Glatt Ingenieurtechnik builds demonstration plant for heavy metal separation from sewage sludge ash in the Rhine-Main region
Weimar, September 5th, 2020: How can waste management companies in the Rhine-Main economic region join forces and make phosphorus recyclable for the nutrient cycle, as required by law from 2029? This question is being addressed by the nine players in the RePhoRM joint project. Glatt Ingenieurtechnik GmbH, a plant engineering company based in Weimar, Germany, is contributing its expertise to two subprojects: the planning and construction of a container plant in Industriepark Höchst and the studies on spray granulation of purified secondary phosphorus.

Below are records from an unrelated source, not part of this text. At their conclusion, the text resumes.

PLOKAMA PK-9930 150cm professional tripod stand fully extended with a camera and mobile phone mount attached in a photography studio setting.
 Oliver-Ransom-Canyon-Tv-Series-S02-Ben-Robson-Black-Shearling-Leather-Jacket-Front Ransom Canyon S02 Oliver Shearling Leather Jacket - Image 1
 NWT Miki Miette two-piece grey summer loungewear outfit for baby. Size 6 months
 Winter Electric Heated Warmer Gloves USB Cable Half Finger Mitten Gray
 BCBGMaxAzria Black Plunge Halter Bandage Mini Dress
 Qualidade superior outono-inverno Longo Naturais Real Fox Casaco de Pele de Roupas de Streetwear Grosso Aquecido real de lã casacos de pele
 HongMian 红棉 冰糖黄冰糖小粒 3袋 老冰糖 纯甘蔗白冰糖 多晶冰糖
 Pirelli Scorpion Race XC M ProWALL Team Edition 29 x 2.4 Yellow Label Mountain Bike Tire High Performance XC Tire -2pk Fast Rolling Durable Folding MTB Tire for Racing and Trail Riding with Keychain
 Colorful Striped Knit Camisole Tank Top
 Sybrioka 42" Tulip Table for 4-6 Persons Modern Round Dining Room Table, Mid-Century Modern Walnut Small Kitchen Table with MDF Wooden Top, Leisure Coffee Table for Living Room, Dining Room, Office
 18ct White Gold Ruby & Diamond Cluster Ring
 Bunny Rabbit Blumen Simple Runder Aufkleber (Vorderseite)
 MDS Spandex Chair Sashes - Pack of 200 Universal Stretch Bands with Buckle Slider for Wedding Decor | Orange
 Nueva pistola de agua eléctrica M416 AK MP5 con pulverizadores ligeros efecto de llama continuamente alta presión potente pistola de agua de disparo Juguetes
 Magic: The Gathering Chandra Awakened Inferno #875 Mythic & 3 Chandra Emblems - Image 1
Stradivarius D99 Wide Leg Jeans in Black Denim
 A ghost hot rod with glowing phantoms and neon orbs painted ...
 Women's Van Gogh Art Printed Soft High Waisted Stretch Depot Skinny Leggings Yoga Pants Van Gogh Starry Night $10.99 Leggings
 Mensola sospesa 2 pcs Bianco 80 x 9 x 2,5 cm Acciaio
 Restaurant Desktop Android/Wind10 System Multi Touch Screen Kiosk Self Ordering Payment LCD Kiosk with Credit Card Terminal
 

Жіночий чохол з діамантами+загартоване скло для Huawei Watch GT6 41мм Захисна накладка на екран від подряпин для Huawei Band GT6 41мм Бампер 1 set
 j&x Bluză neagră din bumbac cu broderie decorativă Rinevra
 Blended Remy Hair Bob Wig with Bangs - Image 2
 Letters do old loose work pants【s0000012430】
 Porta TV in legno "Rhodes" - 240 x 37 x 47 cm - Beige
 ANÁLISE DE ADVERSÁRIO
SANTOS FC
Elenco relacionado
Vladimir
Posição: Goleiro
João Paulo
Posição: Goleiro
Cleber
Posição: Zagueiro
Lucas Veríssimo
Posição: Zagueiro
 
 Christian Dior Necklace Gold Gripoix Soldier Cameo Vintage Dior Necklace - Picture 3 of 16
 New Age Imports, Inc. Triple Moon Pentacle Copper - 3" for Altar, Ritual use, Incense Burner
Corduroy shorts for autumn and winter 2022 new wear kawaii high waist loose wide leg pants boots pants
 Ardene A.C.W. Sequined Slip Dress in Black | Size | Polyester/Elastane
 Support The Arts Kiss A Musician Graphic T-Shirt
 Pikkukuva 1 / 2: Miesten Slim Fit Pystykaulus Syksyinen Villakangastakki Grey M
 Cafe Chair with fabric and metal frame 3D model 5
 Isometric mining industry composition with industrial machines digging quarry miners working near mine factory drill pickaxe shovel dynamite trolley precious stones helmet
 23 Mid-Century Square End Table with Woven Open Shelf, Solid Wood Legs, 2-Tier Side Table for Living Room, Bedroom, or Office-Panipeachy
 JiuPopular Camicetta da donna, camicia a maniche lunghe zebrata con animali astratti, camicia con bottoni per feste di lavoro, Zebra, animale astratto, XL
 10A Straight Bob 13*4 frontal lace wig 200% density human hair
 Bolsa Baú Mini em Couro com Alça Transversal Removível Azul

The plant will be used for process testing in the BMBF joint project “Regional Phosphorus Recycling in the Rhine-Main Region Taking into Account Industrial and Agricultural Material Cycles (RePhoRM)” led by Darmstadt Technical University with the goal of developing a large-scale phosphorus recovery concept for the metropolitan region.
Phosphorus is an essential building block in all living things and a major component of fertilizers for agriculture. In view of the world’s dwindling reserves, which cannot be replaced by anything else, German law requires sewage treatment plant operators to recover the valuable raw material from sewage sludge from 2029. The amended Sewage Sludge Ordinance in 2017 has led to intensive research into concepts suitable for closing the material cycle. Glatt, for example, has presented “PHOS4green,” a two-stage process that breaks down phosphorus from sewage sludge ash and converts it into fertilizer granules that can be used directly. Since the large quantities of sewage sludge in urban areas are mainly thermally recycled and the phosphorus from the ashes has to be recycled, various methods were evaluated in the concept phase and the Thuringian process was ultimately selected.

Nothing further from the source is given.